July 22, 2024

We were interested to read about life with prolonged Covid and our hearts go out to the children described, and all the sufferers of this condition (Childhood, interrupted: 12-year-old Toby’s life with prolonged Covid, 12 June). However, doctors are still debating the causes of long Covid. We are concerned about the science behind the “microclots” hypothesis as a cause of prolonged Covid and have investigated it academically.

The evidence base for “microclots” causing long Covid is slim to say the least: the research shows these particles are found in normal individuals and other conditions. This makes it unlikely that they are the cause of prolonged Covid. Indeed, the particles are not actually lumps; these are small particles of a protein called amyloid, which is not involved in blood clotting.
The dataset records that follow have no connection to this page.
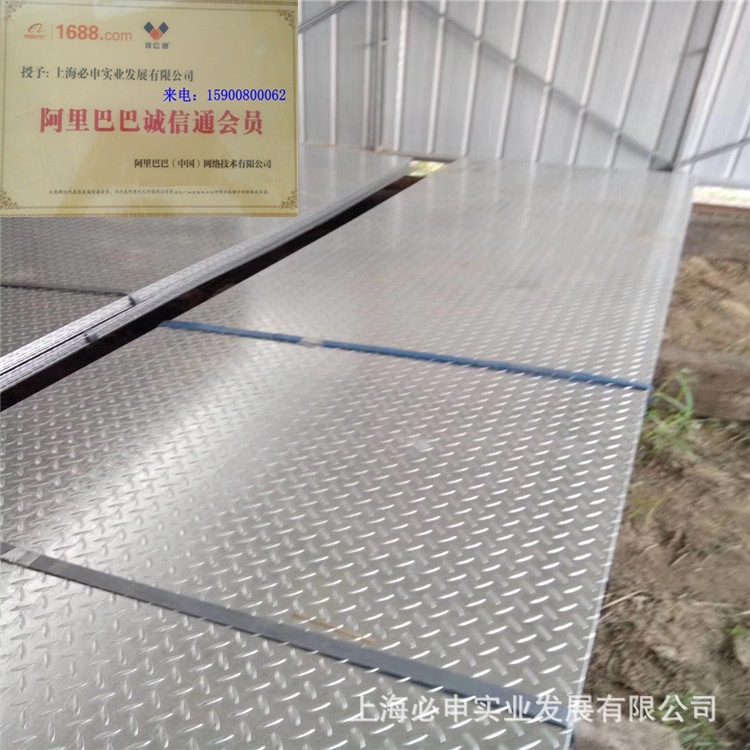 现货销售镀锌花纹板防滑防腐蚀楼梯踏板H-Q235B花纹板可折弯切割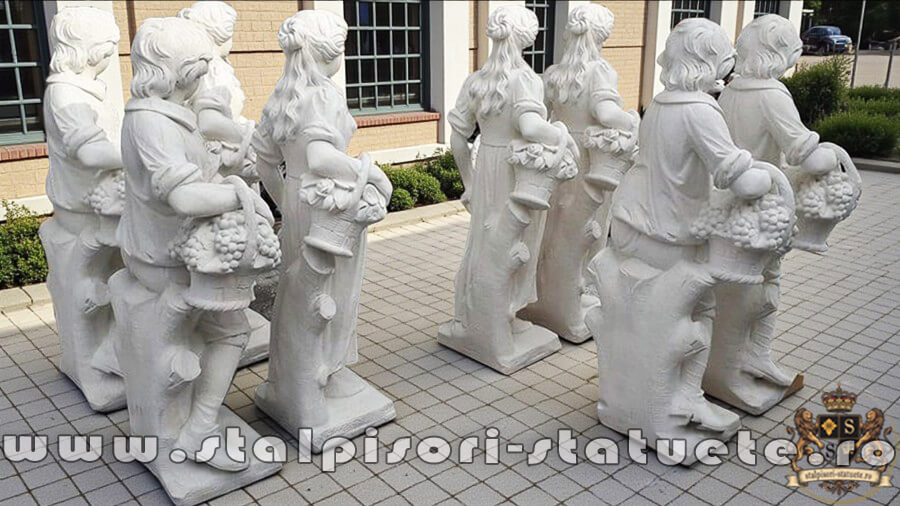 Set statuete băiat și fată, alb marmorat, model S43. (5)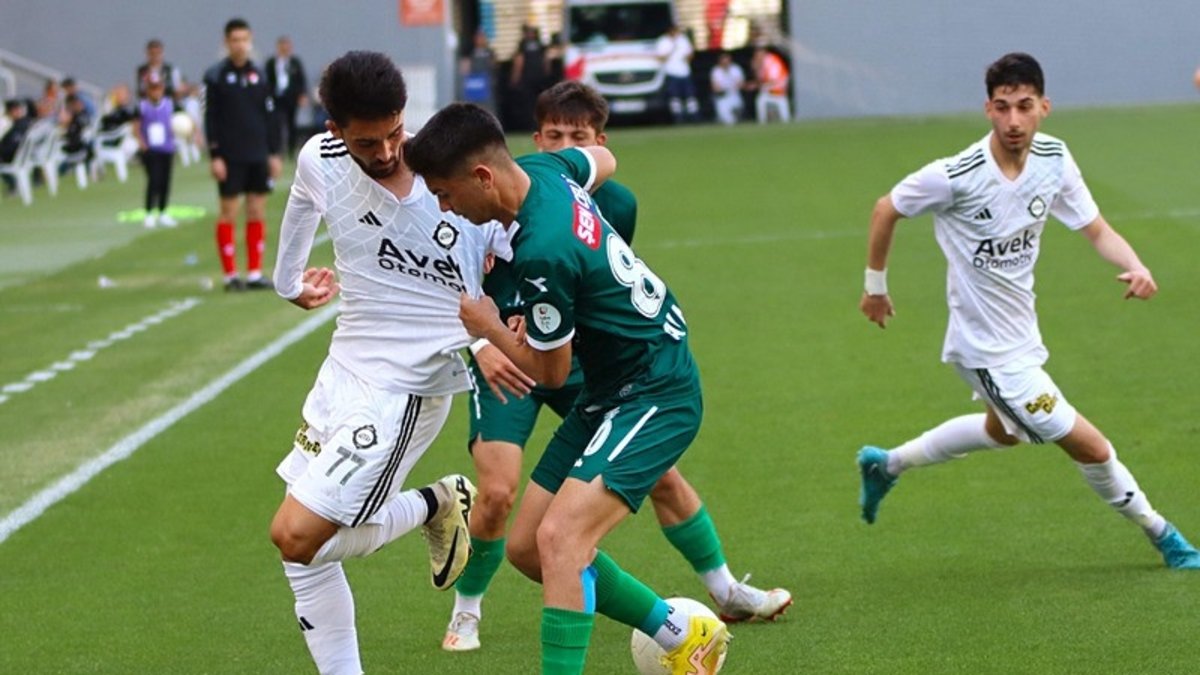 Altay 3-0 Kırklarelispor (MAÇ SONUCU ÖZET) | Altay 2. Lig’e galibiyetle veda etti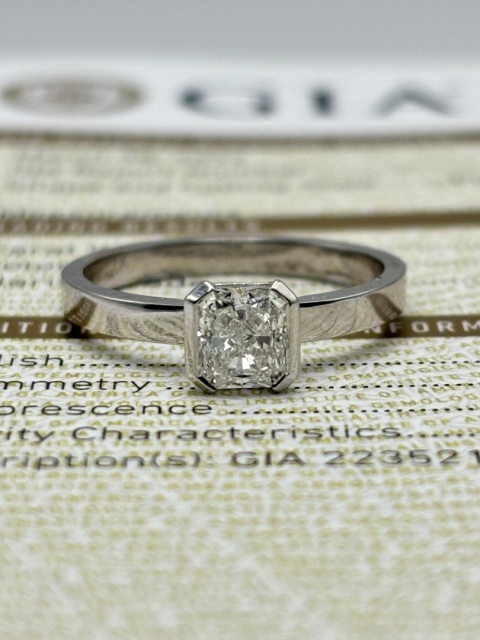 Pierścionek 0,79ct E/VVS2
We recently reviewed the current published work and concluded that there is no evidence to suggest that treatment with blood thinners (also known as anticoagulants) is effective. These drugs can have serious side effects, which raise ethical concerns if used outside of well-conducted scientific randomized trials. We wanted to state these things so that individuals with long Covid have a balanced view of what the current scientific evidence shows. We need more research into the cause of long Covid and we welcome approaches that a broad understanding of the condition.
Prof Beverley Hunt
Kings Health Care Partners
Dr Rebecca Kuehn and Prof Paul Garner
Liverpool School of Tropical Medicine

Like Toby, whose case is described in your article, my son is 12 and has had Covid for a long time since 2021. He suffered the same fatigue and post-exercise malaise as Toby, but a radical change to his diet made a huge difference to his health. Through trial and error, we have found his “safe foods”, which he must stick to religiously. If he eats even a tiny bit of something that isn’t “safe”, the fatigue comes back. Now, most days, his energy is good and he can go to school and even do PE, something we couldn’t have imagined a year ago.
Emily McCarthy

My son has had Covid for a long time after becoming ill at the age of 11, early in the pandemic, and has had leg pains and memory problems ever since. Another virus, most likely Covid again, last September left him housebound, dizzy, low on energy, and suffering from non-restorative sleep and post-exertional malaise. His school arranged some online lessons for him in English and maths.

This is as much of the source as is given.